Fuera consciente o no, Diana ya se había convertido en un icono de estilo. El patito Diana Spencer, sin mucha ayuda más que su propio criterio, había evolucionado poco a poco en un referente planetario. Todo el mundo admiraba sus looks, todo lo que llevaba se convertía automáticamente en tendencia, y había salido de su prisión entre la prensa y palacio forjando una mujer espectacular. Cannes fue el salto definitivo. Y Diana tenía una precursora: Grace Kelly, que en 1955 había hecho dueña de la fiesta de recepción del Festival con un vestido de encaje y un collar de perlas, fusionando Hollywood y realeza con su porte y su naturalidad, llegando donde ni las princesas Disney soñaban.
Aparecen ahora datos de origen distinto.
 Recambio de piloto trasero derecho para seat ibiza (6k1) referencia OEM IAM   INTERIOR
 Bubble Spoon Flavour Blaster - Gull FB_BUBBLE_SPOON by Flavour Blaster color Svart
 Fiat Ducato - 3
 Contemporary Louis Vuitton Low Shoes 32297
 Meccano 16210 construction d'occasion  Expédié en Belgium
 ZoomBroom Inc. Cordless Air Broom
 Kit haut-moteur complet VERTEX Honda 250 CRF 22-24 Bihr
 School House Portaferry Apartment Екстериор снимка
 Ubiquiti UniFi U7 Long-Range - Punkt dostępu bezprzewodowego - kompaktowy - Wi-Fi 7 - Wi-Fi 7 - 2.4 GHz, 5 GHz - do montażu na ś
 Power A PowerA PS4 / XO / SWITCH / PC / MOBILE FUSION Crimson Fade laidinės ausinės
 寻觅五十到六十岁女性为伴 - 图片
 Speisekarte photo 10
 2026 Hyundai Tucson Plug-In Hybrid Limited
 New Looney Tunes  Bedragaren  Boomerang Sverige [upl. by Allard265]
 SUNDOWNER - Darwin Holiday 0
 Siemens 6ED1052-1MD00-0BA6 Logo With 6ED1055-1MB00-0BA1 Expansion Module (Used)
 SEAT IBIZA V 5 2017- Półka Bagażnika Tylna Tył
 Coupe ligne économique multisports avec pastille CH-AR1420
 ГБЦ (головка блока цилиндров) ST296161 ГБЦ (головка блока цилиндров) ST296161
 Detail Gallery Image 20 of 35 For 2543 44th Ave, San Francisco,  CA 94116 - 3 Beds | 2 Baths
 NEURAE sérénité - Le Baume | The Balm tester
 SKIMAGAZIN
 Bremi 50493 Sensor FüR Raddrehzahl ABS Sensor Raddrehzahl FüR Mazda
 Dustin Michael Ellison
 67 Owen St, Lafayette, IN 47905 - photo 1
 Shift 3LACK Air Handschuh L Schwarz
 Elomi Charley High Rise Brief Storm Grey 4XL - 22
Así que Lady Di decidió dar el salto a princesa de cuento –total, su vida ya era una triste ficción– con la ayuda de la diseñadora francesa afincada en Reino Unido Catherine Walker. Diana tuvo la inteligencia de convertir a Walker en su diseñadora predilecta, algo que le permitía mostrar apoyo a la industria británica –una lección que las duquesas Kate Middleton y Meghan Markle entendieron a la perfección– y, sobre todo, recurrir a una aliada. Walker, que fue durante décadas la favorita de Diana, nunca filtró nada sobre su vida, y siempre la ayudó a acertar con looks que no necesitaban ser llamativos para mostrar ese aura regia. La relación entre ambas llegaría hasta el final: el vestido negro del funeral de Diana, diez años después, sería un diseño de Catherine Walker.
Pero en 1987 todavía había espacio para proyectar felicidad, y Diana apareció radiante con un vestido drapeado en chifón azul cielo con foulard a juego para la alfombra roja. En aquel momento, Lady Di se convirtió en la royal universal, la princesa del pueblo –con permiso de Grace de Mónaco, fallecida cinco años antes–, la mujer que todo el mundo soñaba con ser o tener en su vida. Ese vestido fue el primero de los triunfos que se pudo apuntar Diana: si no conseguía el cariño de la Corona, tendría el cariño de la gente. Y marcó el salto definitivo de Shy Di –la «Tímida Diana»– a Lady Di, la mujer más admirada.